Help on: Can't get text on a START_OBJECT

Hello,

I know it is a widely discussed subject but I don't know understand how to solve it.
from what I understood, it is a conflict between the filebeat mapping and my template,
but I just can't rename the conflicting key.

the error message is:

2019-03-13T17:07:21.648Z	WARN	elasticsearch/client.go:523	Cannot index event publisher.Event{Content:beat.Event{Timestamp:time.Time{wall:0xbf1a6c121c7f546a, ext:18203913320, loc:(*time.Location)(0x21bf500)}, Meta:common.MapStr(nil), Fields:common.MapStr{"fields":common.MapStr{"document_type":"doc"}, "instance":"unconfigured", "pid":31737, "error":false, "host":common.MapStr{"name":"s3-ssl-conn-0.localdomain"}, "service":"sfused", "cancelled":false, "end_time":1.552496827572683e+12, "offset":47055618, "duration_ms":0.001221, "tid":694, "trace_id":3639506163531909, "trace_type":"op", "beat":common.MapStr{"name":"s3-ssl-conn-0.localdomain", "hostname":"s3-ssl-conn-0.localdomain", "version":"6.6.2"}, "parent_span_id":1102887333752238, "log":common.MapStr{"file":common.MapStr{"path":"/var/log/scality-traces/trace-sfused-2019-03-13_17h00-31737.log"}}, "layer":"cache", "start_time":1.552496827572682e+12, "source":"/var/log/scality-traces/trace-sfused-2019-03-13_17h00-31737.log", "op":"open", "span_id":1898903366422169}, Private:file.State{Id:"", Finished:false, Fileinfo:(*os.fileStat)(0xc4200dad00), Source:"/var/log/scality-traces/trace-sfused-2019-03-13_17h00-31737.log", Offset:47056019, Timestamp:time.Time{wall:0xbf1a6c1012446f71, ext:10032281361, loc:(*time.Location)(0x21bf500)}, TTL:-1, Type:"log", Meta:map[string]string(nil), FileStateOS:file.StateOS{Inode:0x14c853c, Device:0xfd01}}}, Flags:0x1} (status=400): {"type":"mapper_parsing_exception","reason":"failed to parse field [host] of type [keyword]","caused_by":{"type":"illegal_state_exception","reason":"Can't get text on a START_OBJECT at 1:63"}}

my mapping contains:

    "host": {
        "type": "keyword"
    },

and indeed, filebeat sends an object version of "host":
"host":common.MapStr{"name":"s3-ssl-conn-0.localdomain"},

What can I do to isolate my mapping from the filebeat generic mapping (if it is this kind of error)

here is the filebeat.yml

    filebeat.prospectors:
    - fields:
        document_type: doc
      json.keys_under_root: true
      input_type: log
      paths:
      - /var/log/app-traces/trace-*.log
    output.elasticsearch:
      hosts:
      - 10.200.3.221
      index: app-traces-%{+yyyy.MM.dd}
    setup.template.enabled: true
    setup.template.json.enabled: true
    setup.template.json.name: app-traces
    setup.template.json.path: /usr/share/app-tracer-tools/traces_mapping_template.json
    setup.template.overwrite: false
    setup.template.name: app-traces
    setup.template.pattern: app-traces*

PS: I use filebeat 6.6

Can you also check your Elasticsearch logs if there is some more details?
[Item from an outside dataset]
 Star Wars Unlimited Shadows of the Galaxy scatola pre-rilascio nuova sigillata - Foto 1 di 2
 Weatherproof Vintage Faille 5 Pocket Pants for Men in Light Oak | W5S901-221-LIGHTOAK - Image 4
Where does the mapping for host comes from? Your template, or do you have an older beats template installed?

Beats create additional fields for host and beat. By using json.keys_under_root: true, you are actually running into a typing conflicts between Beats and your JSON file. Unfortunately Beats will actually replace your host field from the json document with the new object.
Using local or global processors you can move the host field or defer the json parsing. In Filebeat execution order is: local processors -> add host object -> global processors. e.g.:

filebeat.prospectors:
    - fields:
        document_type: doc
    json.keys_under_root: true
    input_type: log
    paths:
      - /var/log/app-traces/trace-*.log
    processors:
      - rename:
        fields: [{from: host, to: _host}]

processors:
- rename:
  fields: [{from: _host, to: host}]

or defer json parsing:

filebeat.prospectors:
    - fields:
        document_type: doc
      input_type: log
      paths:
      - /var/log/app-traces/trace-*.log

processors:
- decode_json_fields:
    fields: [message]
    target: ""
    overwrite_keys: true

...

Thank you for the help provided.
even if I still have the problem (it will make me crazy) :wink:
There is a layer of missing understanding on my side I guess.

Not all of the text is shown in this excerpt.